Emergency Department Assessment and Management of Pediatric Acute Mild Traumatic Brain Injury and Concussion (Trauma CME) -
Publication Date: June 2021 (Volume 18, Number 06)
CME Credits: 4 AMA PRA Category 1 Credits™, 4 ACEP Category I Credits, 4 AAP Prescribed Credits, 4 AOA Category 2-A or 2-B Credits. CME expires 06/01/2024.
Specialty CME Credits: Included as part of the 4 credits, this CME activity is eligible for 4 Trauma CME credits, subject to your state and institutional approval.
Madeline Joseph, MD, FACEP, FAAP
Professor of Emergency Medicine and Pediatrics, Associate Dean for Inclusion and Equity, Emergency Medicine Department, University of Florida College of Medicine-Jacksonville, Jacksonville, FL
Audrey Paul, MD, PhD
Assistant Professor; Pediatric Emergency Medicine; NYU Long Island School of Medicine, New York, NY
Susan B. Kirelik, MD, FAAP
Pediatric Emergency Physician, Rocky Mountain Hospital for Children; Medical Director, Rocky Mountain Pediatric OrthoONE Center for Concussion, Denver, Colorado
Todd W. Lyons, MD, MPH
Assistant Professor of Pediatrics and Emergency Medicine, Harvard Medical School, Division of Emergency Medicine, Boston Children’s Hospital, Boston, MA
Mild traumatic brain injury (mTBI) and concussion, a subtype of mTBI, commonly present to the emergency department (ED)and may present with symptoms identical to those associated with more severe TBI. The development and use of clinical decision rules, increased awareness of the risk of radiation associated with head computed tomography, and the potential for patient observation has allowed emergency clinicians to make well-informed decisions regarding the need for imaging for patients who present with mTBI. For patients who present to the ED with concussion, appropriate diagnosis, management, and education are critical for optimal recovery. This issue reviews the most recent literature on concussion and mTBI and provides recommendations for the evaluation, diagnosis, and treatment of mTBI and concussion in the acute setting.

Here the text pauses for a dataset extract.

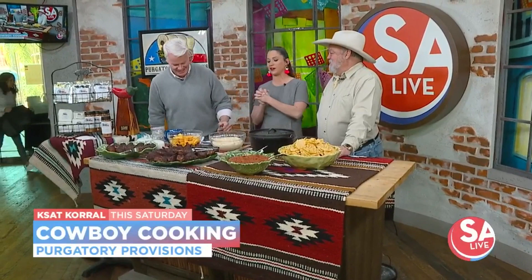Jeff Hardwick, the owner, pitmaster, and spiritual guide at Purgatory Provisions is here to give us a taste of the great food you're going to find Saturday morning there at the KSAT Corral. Thank you, appreciate y'all having me. The looks, the aroma is just killing us right now.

An 18-month-old boy who tripped and fell down 7 steps at home is brought in by his parents…
The toddler was crying a lot at the time of the fall, but he did not lose consciousness. He had 1 episode of vomiting on the way to the hospital.
The toddler has a small frontal hematoma without step-off, laceration, or abrasion. His vital signs are: heart rate, 120 beats/min; blood pressure, 90/57 mm Hg; respiratory rate, 25 breaths/min, and normal pulse oximetry. His Glasgow Coma Scale (GCS) score is 15. He has no neurologic deficits on examination, and he is warming up to the ED staff and smiling. No other injuries were noted. Upon discussion with the parents, you find that he has no history of bleeding disorder or other past medical problems.
What are your next steps in evaluating this patient? Do they include observation or imaging? How should you involve the parents in decision-making?
A 12-year-old girl who sustained a head injury while playing hockey is brought in by EMS...
According to the coach who is with her, the girl ran into another player. She did not lose consciousness or vomit. She initially appeared dazed and seemed “wobbly” on the ice. While sitting on the bench, she began complaining of a headache and worsening dizziness.
The girl is alert and oriented, with no signs of head trauma. Her vital signs are: heart rate, 85 beats/min; blood pressure, 108/70 mm Hg; respiratory rate, 16 breaths/min; and normal pulse oximetry. Her GCS score is 15. Upon examination, she is pale-appearing and complains of nausea, headache, and dizziness. She has no palpable hematoma, no cervical spine tenderness, and no neurologic deficits.
What are your next steps in evaluating this patient? What testing, if any, would you perform in the ED? If you decide to discharge this patient, what instructions should you give to her parents?
A 16-year-old girl is brought to the ED by her parents because her pediatrician referred her for persistent headaches…
The girl was fine until 3 weeks ago when she was playing lacrosse and was hit in the head with a lacrosse ball. She had a mild headache that night and then played in a tournament the next day, during which she sustained a second minor head injury upon colliding with another player. She followed up with her pediatrician that week due to persistent fatigue and headaches. She was told to rest, avoid sports, and take ibuprofen as needed. She now presents with fatigue and daily headaches that do not respond to NSAIDs. She mentions that she has no headaches in the morning, but that they gradually worsen throughout the school day.
On examination, she is alert and oriented. She is complaining of a 6/10 headache. Her vital signs are: heart rate, 74 beats/min; blood pressure, 110/75 mm Hg; respiratory rate, 18 breaths/min, and normal pulse oximetry. She has no deficits on neurologic examination.
What additional information should you obtain in her history? Does this patient need neuroimaging?